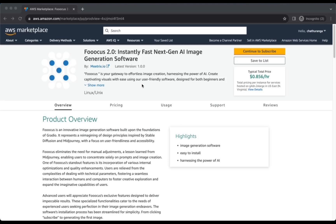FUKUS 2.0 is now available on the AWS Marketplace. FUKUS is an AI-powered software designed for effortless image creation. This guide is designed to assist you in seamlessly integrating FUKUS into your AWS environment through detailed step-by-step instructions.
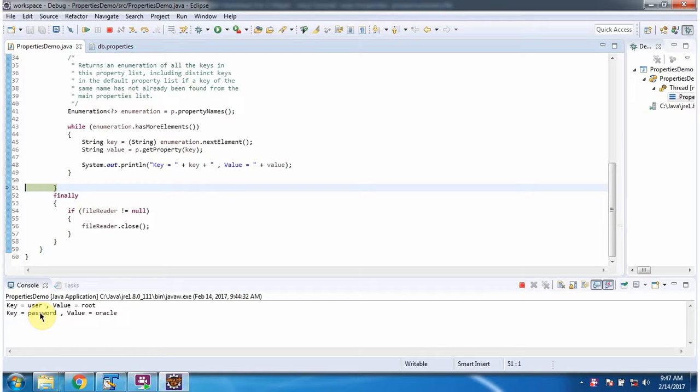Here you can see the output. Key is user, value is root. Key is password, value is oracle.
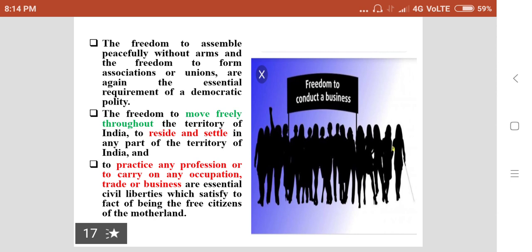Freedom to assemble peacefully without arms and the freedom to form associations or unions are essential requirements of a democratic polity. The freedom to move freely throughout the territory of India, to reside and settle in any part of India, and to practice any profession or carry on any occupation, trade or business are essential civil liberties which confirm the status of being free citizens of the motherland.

• [Aim of the task] Return all the material exactly, pictures excluded.

• [Written answer]
FUKUS 2.0 is now available on the AWS Marketplace. FUKUS is an AI-powered software designed for effortless image creation. This guide is designed to assist you in seamlessly integrating FUKUS into your AWS environment through detailed step-by-step instructions.
Here you can see the output. Key is user, value is root. Key is password, value is oracle.
Freedom to assemble peacefully without arms and the freedom to form associations or unions are essential requirements of a democratic polity. The freedom to move freely throughout the territory of India, to reside and settle in any part of India, and to practice any profession or carry on any occupation, trade or business are essential civil liberties which confirm the status of being free citizens of the motherland.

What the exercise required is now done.